# [Problem requirements]
Please output all the entries word for word, without the pictures.

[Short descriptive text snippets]
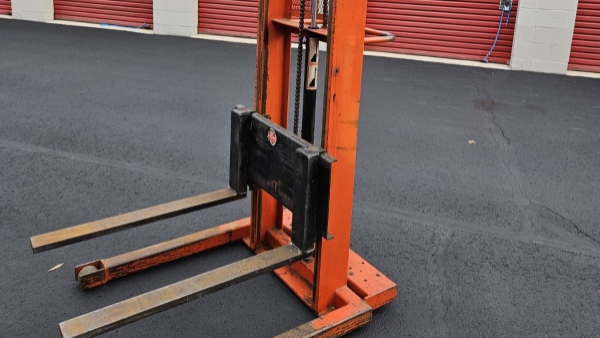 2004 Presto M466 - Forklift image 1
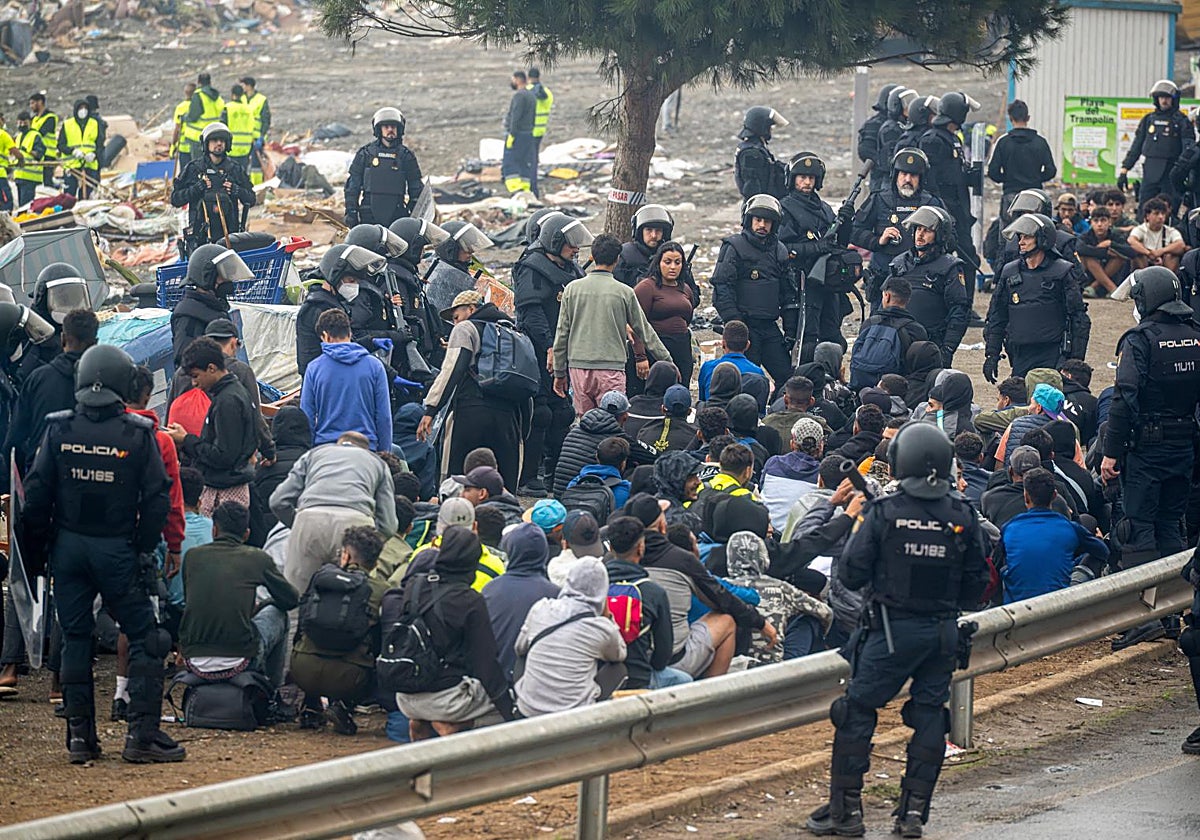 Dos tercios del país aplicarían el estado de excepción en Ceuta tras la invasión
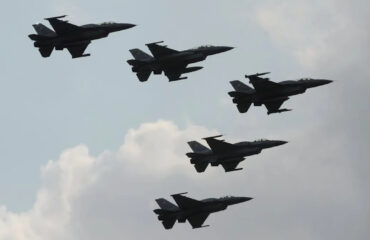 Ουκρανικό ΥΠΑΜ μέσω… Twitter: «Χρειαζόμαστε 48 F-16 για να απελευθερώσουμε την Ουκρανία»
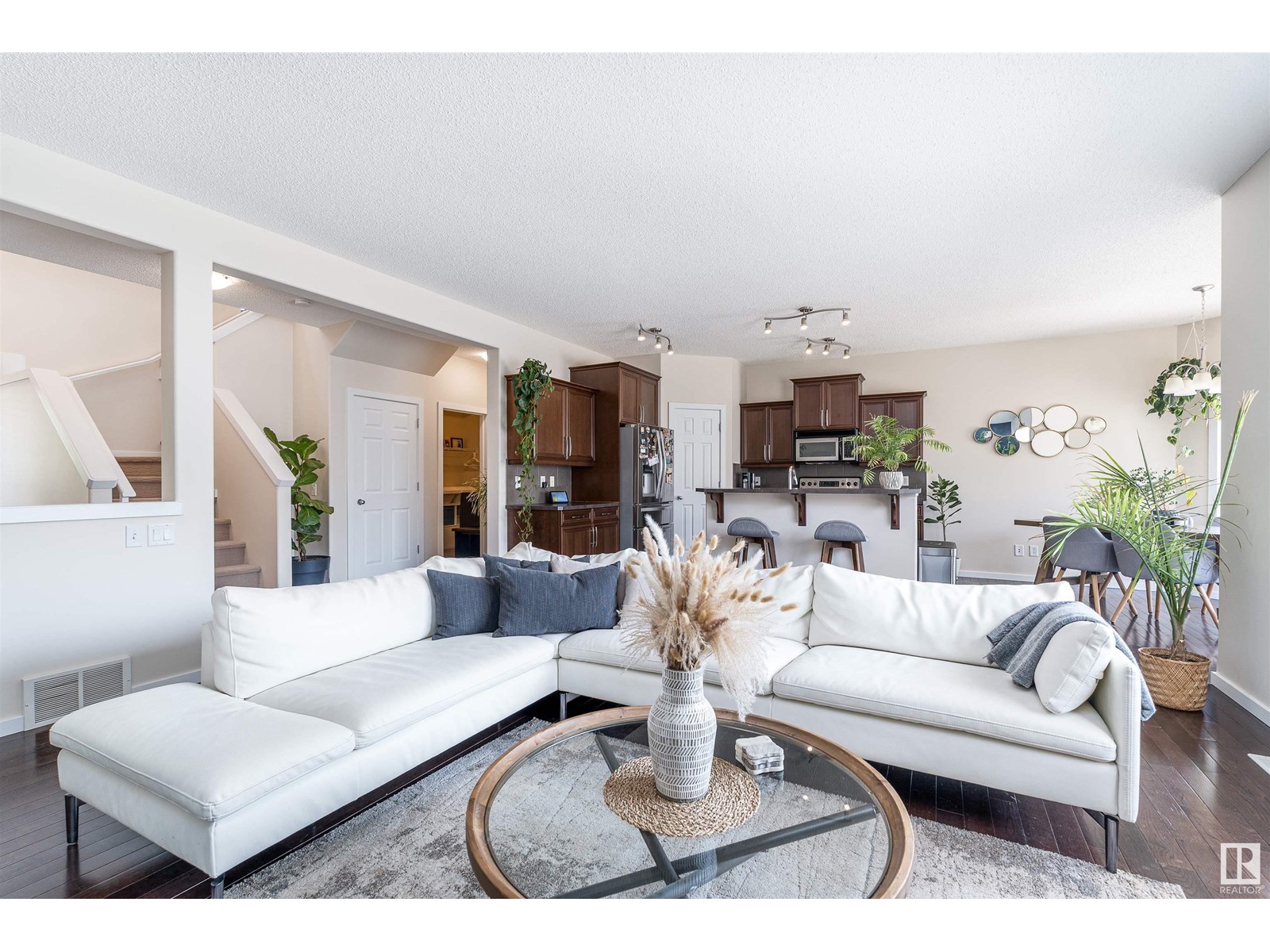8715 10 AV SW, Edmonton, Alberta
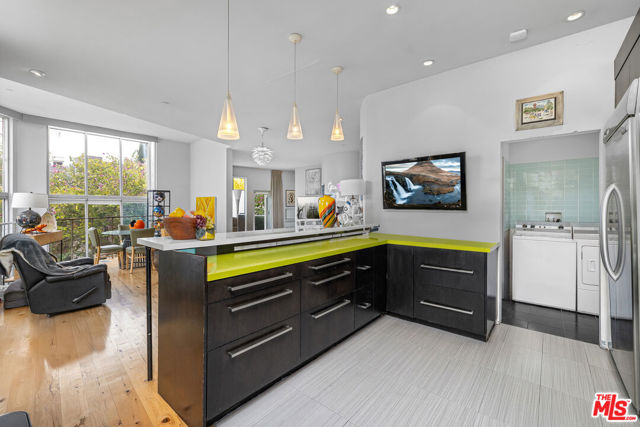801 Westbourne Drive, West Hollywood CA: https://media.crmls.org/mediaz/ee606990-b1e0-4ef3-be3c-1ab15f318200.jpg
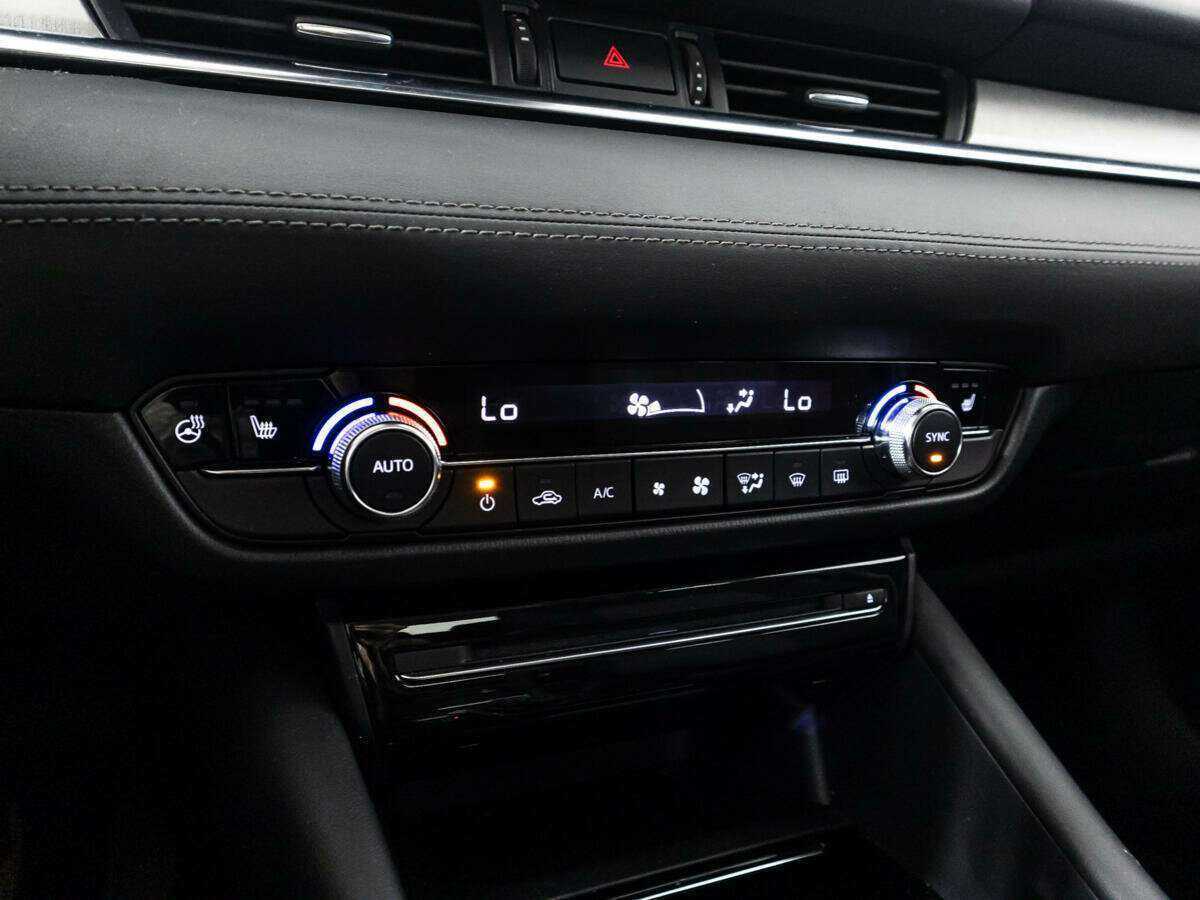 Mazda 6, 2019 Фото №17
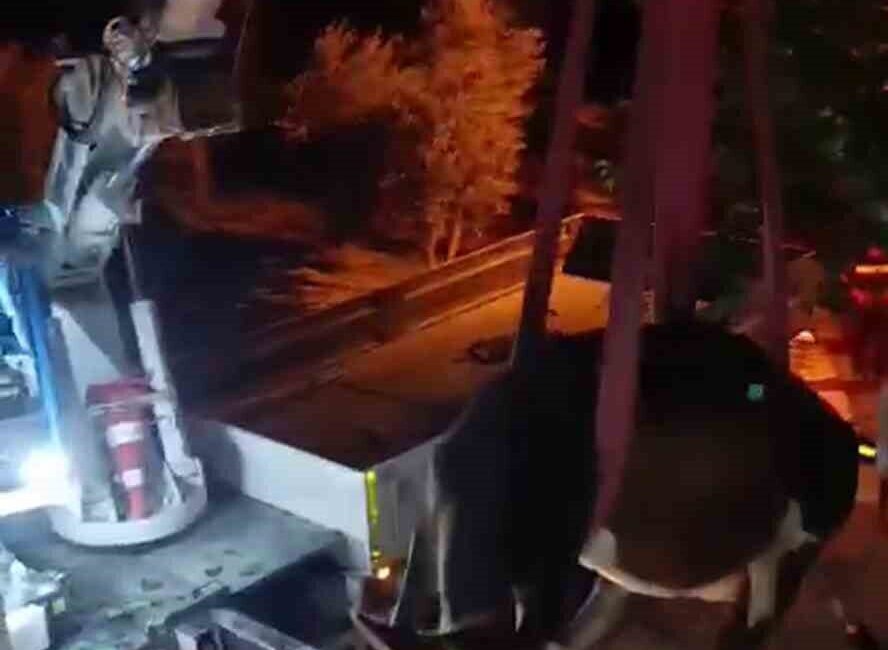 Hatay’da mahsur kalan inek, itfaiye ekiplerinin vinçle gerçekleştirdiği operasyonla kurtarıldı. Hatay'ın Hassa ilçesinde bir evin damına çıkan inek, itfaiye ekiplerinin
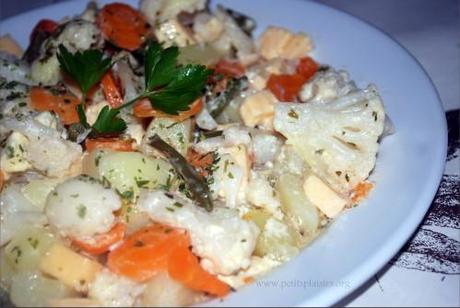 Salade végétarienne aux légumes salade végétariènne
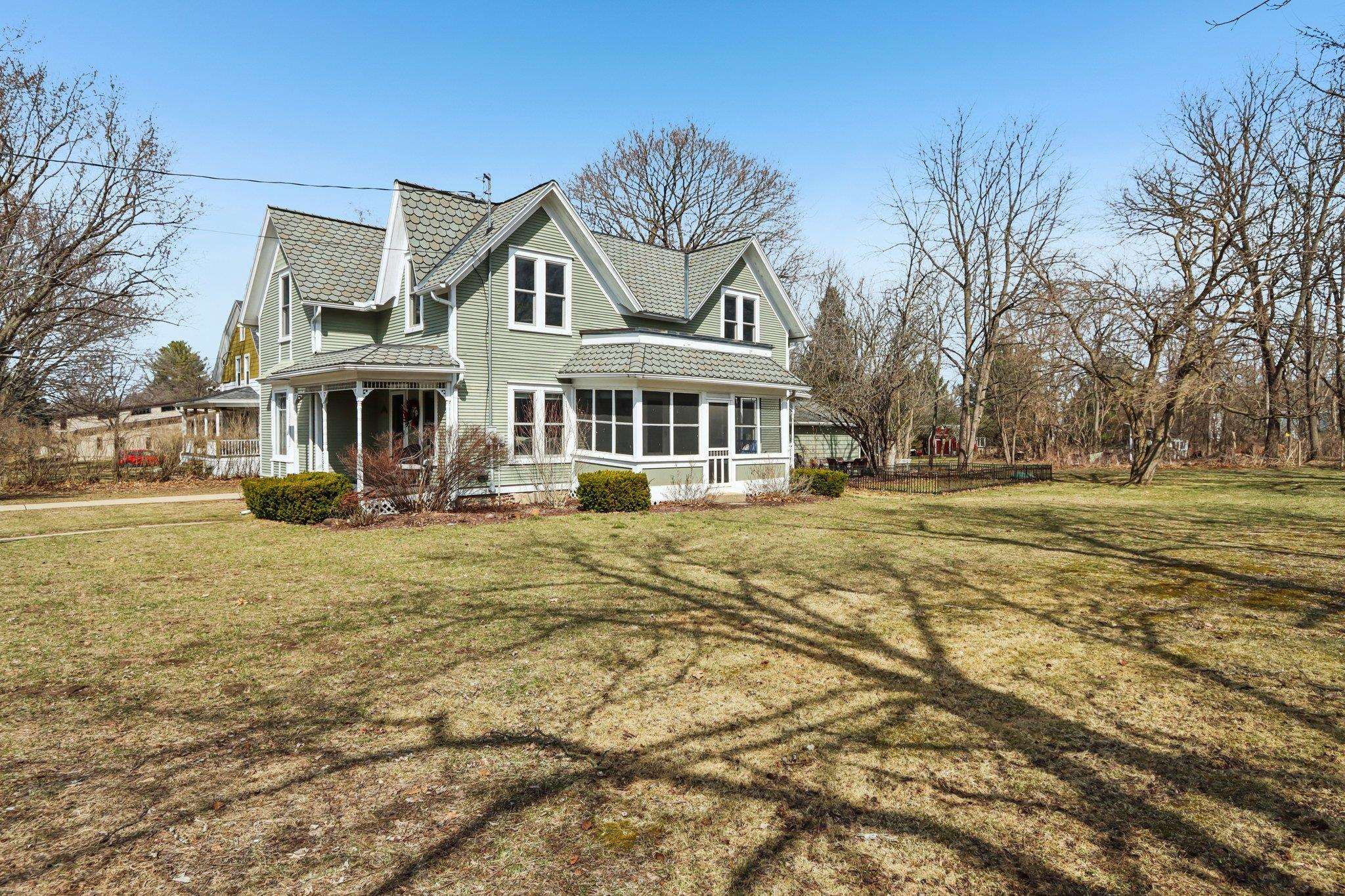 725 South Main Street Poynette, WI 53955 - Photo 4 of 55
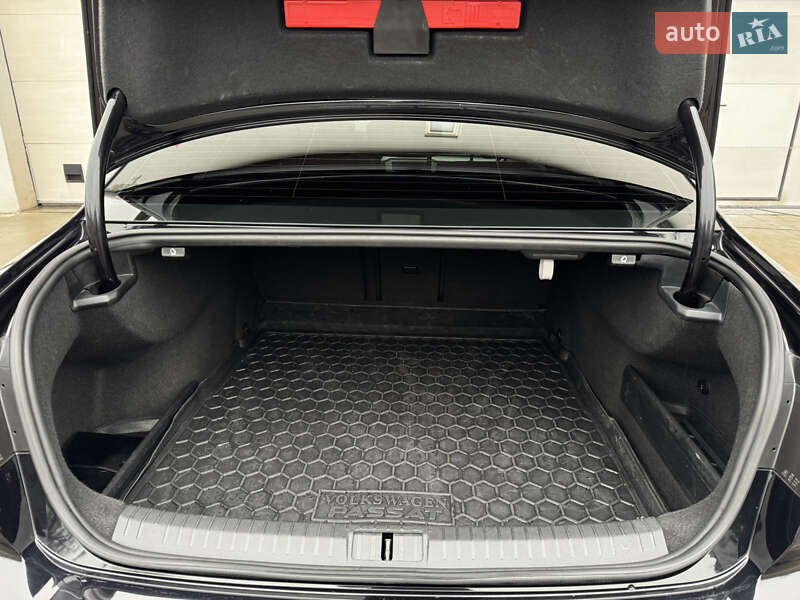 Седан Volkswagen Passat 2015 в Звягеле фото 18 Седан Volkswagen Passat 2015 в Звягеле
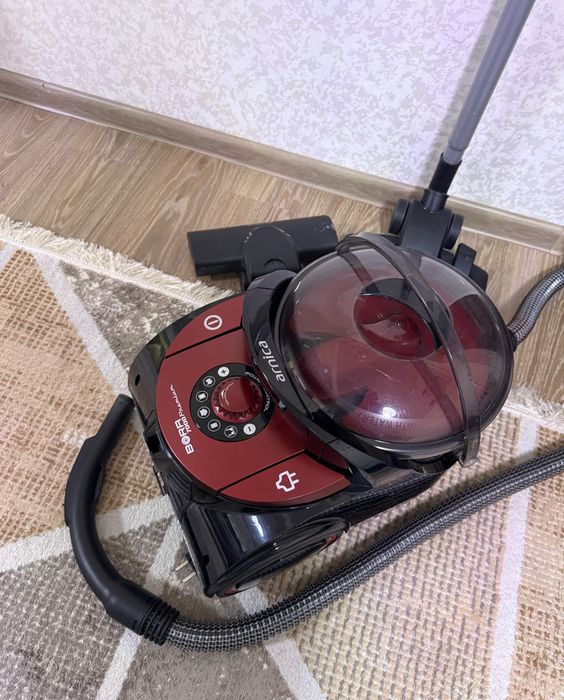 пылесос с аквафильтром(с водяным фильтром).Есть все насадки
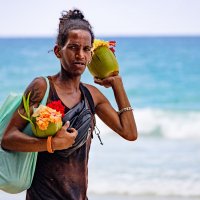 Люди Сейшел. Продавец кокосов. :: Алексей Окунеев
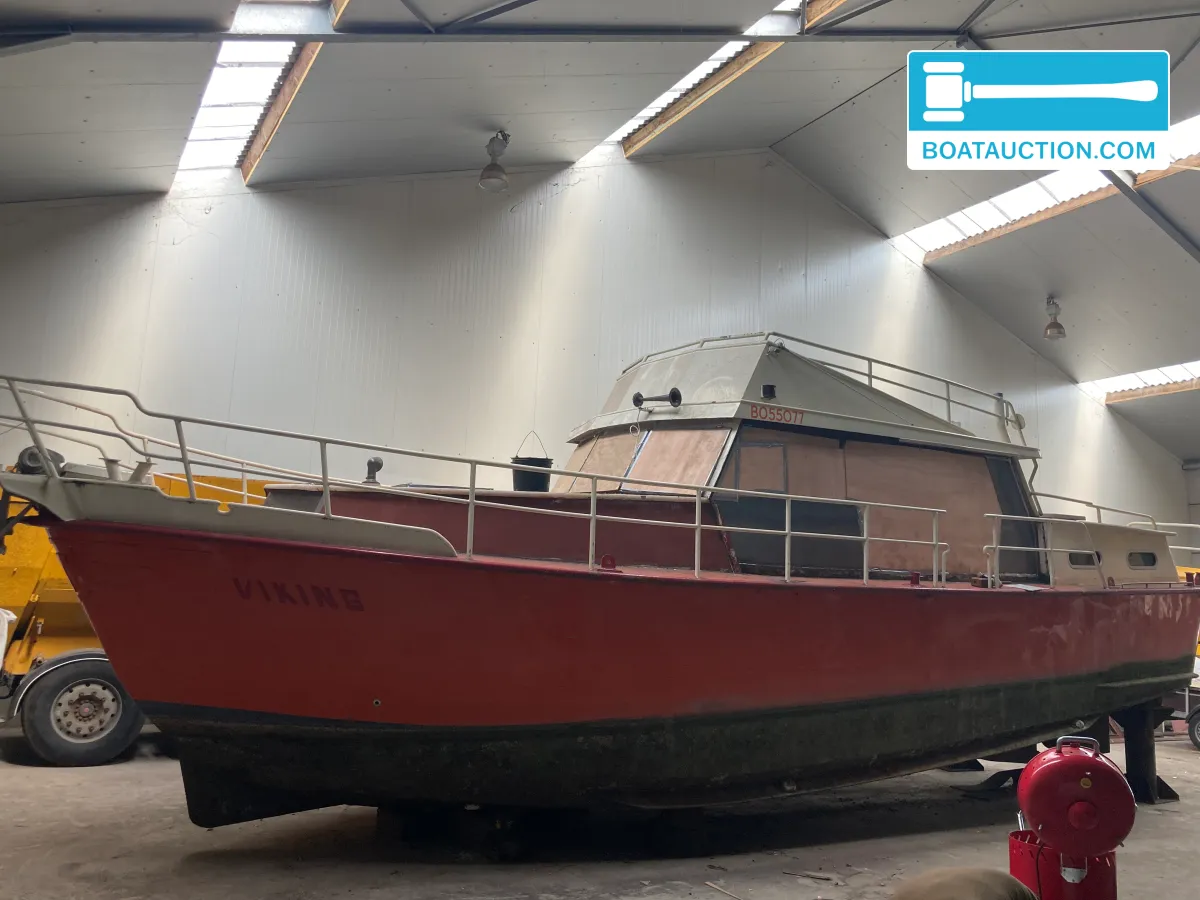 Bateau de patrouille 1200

# [Task answer]
 2004 Presto M466 - Forklift image 1
 Dos tercios del país aplicarían el estado de excepción en Ceuta tras la invasión
 Ουκρανικό ΥΠΑΜ μέσω… Twitter: «Χρειαζόμαστε 48 F-16 για να απελευθερώσουμε την Ουκρανία»
8715 10 AV SW, Edmonton, Alberta
801 Westbourne Drive, West Hollywood CA: https://media.crmls.org/mediaz/ee606990-b1e0-4ef3-be3c-1ab15f318200.jpg
 Mazda 6, 2019 Фото №17
 Hatay’da mahsur kalan inek, itfaiye ekiplerinin vinçle gerçekleştirdiği operasyonla kurtarıldı. Hatay'ın Hassa ilçesinde bir evin damına çıkan inek, itfaiye ekiplerinin
 Salade végétarienne aux légumes salade végétariènne
 725 South Main Street Poynette, WI 53955 - Photo 4 of 55
 Седан Volkswagen Passat 2015 в Звягеле фото 18 Седан Volkswagen Passat 2015 в Звягеле
 пылесос с аквафильтром(с водяным фильтром).Есть все насадки
 Люди Сейшел. Продавец кокосов. :: Алексей Окунеев
 Bateau de patrouille 1200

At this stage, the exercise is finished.